Provided entries:
= = = = =

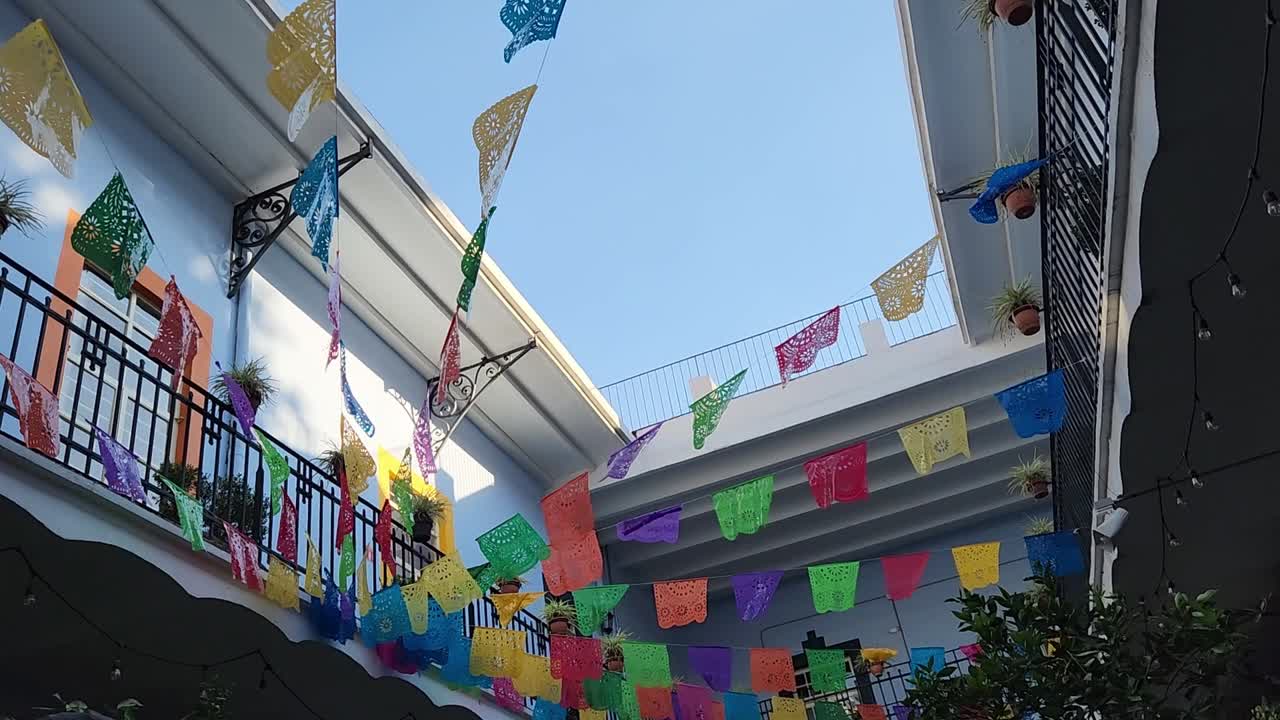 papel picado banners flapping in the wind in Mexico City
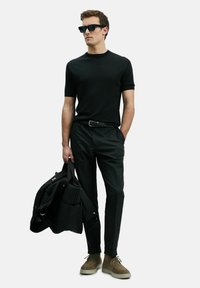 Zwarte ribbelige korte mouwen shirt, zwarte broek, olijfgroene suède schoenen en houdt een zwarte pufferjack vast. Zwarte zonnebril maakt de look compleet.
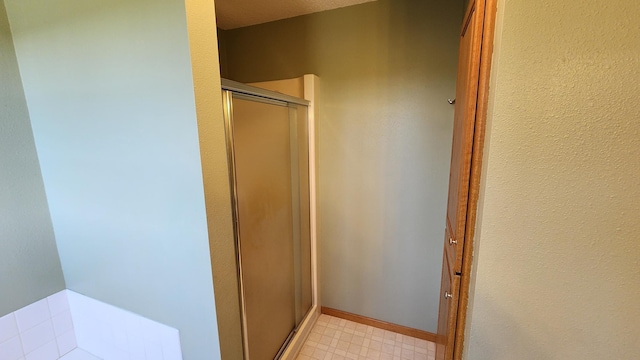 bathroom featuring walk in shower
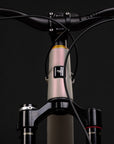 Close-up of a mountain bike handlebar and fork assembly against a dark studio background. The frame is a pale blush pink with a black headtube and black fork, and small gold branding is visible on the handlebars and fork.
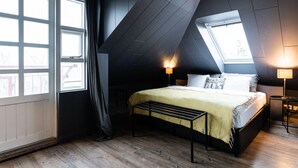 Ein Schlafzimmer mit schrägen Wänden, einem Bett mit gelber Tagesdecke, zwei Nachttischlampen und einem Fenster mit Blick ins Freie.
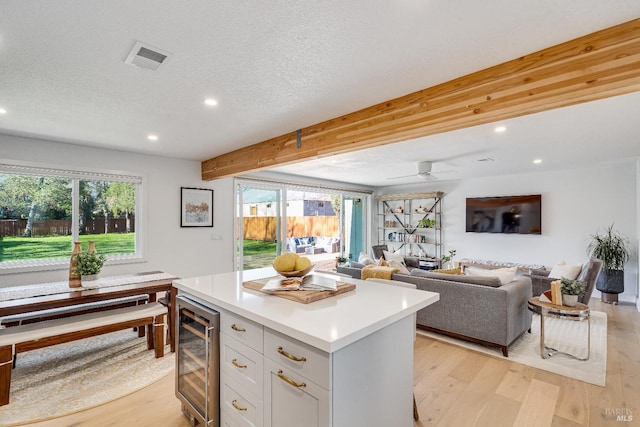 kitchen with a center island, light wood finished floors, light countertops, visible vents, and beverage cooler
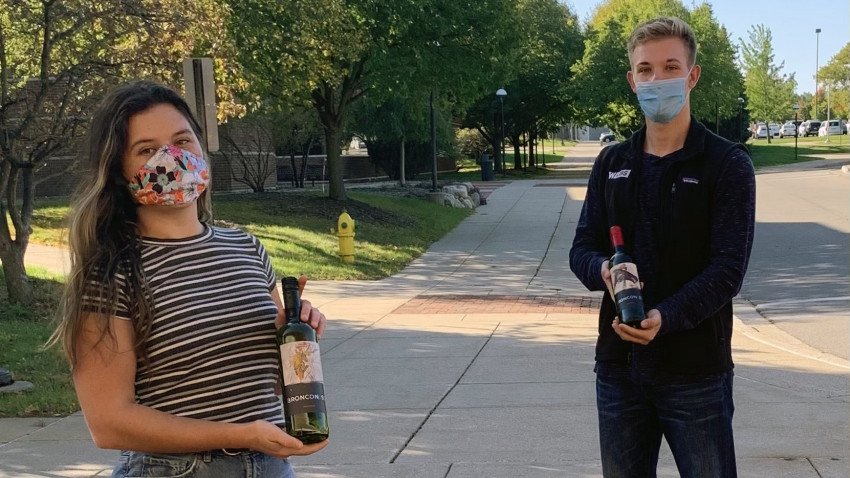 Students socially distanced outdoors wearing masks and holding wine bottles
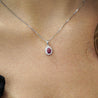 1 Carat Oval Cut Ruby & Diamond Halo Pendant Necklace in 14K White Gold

= = = = =

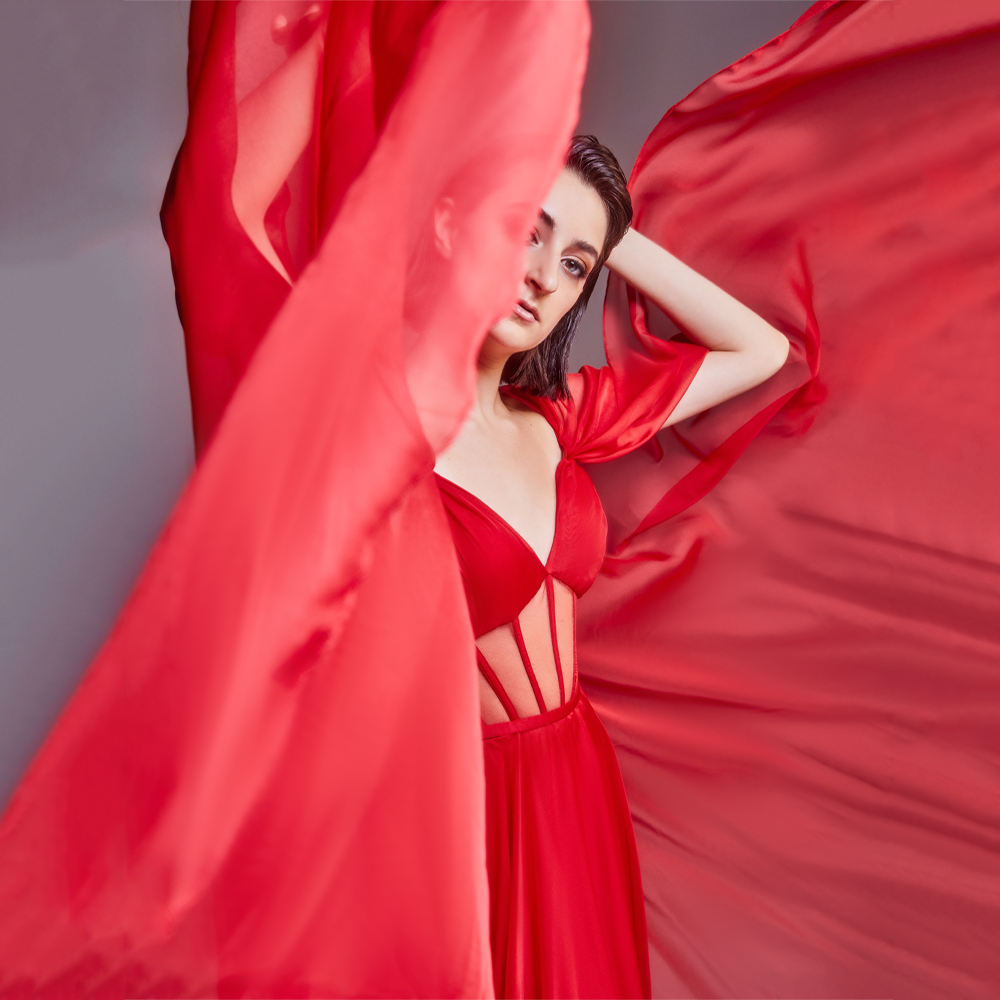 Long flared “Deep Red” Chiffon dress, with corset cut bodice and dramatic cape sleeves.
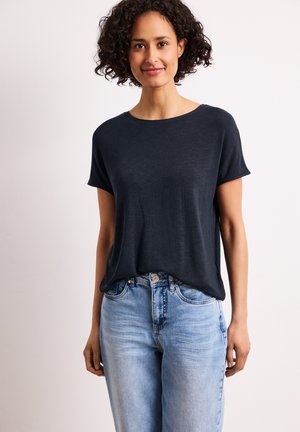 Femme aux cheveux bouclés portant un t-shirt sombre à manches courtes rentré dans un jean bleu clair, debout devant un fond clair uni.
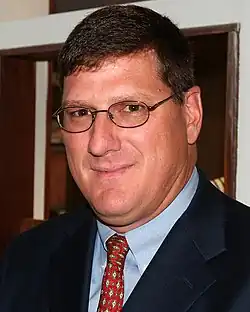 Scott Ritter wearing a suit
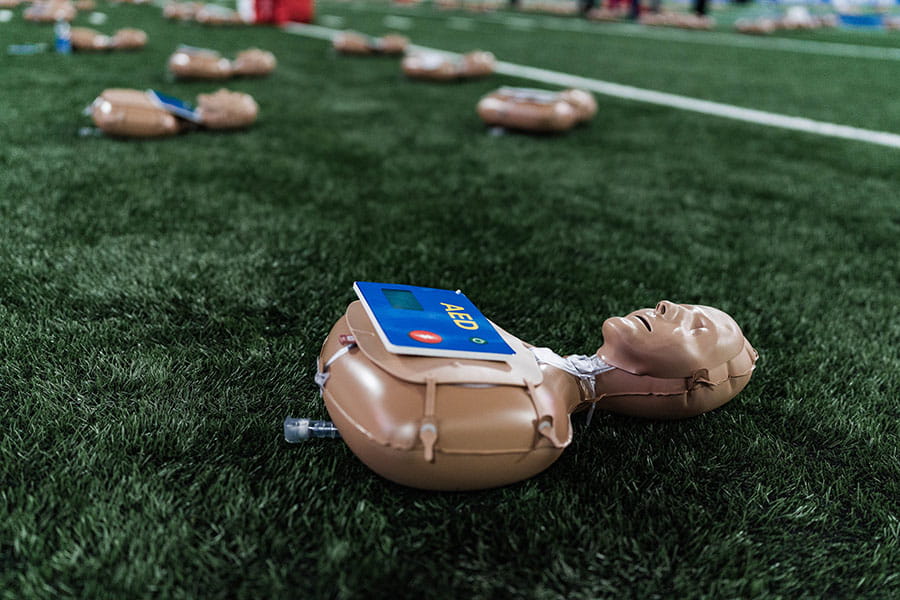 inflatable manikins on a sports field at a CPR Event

= = = = =

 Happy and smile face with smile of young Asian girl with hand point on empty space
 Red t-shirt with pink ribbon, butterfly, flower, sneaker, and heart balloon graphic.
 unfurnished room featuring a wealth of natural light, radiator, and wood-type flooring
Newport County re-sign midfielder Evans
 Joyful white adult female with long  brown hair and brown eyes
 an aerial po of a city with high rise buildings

= = = = =

Leaving out all pictures, set down exactly the lines of the material above, from the line with "Students socially distanced" to the line with "1 Carat Oval" inclusive, and no others.

 Students socially distanced outdoors wearing masks and holding wine bottles
 1 Carat Oval Cut Ruby & Diamond Halo Pendant Necklace in 14K White Gold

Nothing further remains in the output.